WHAT TO PRODUCE:
Begin at the line that has "The future of hurricane forecasting with AI", stop after the line that has "OPEL - Corsa", and print exactly those lines from the records below, without any pictures.

PROVIDED DATA:
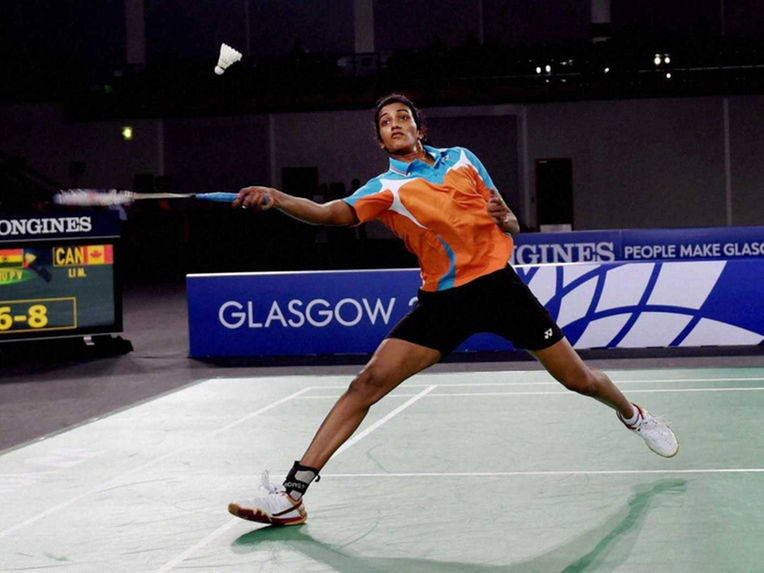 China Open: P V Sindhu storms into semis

--

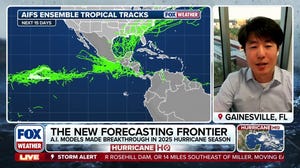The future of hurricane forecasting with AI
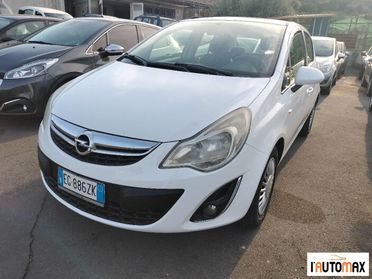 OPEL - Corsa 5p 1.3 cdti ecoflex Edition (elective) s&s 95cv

* * *

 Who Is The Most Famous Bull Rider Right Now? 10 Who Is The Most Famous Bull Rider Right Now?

TASK OUTPUT:
The future of hurricane forecasting with AI
 OPEL - Corsa 5p 1.3 cdti ecoflex Edition (elective) s&s 95cv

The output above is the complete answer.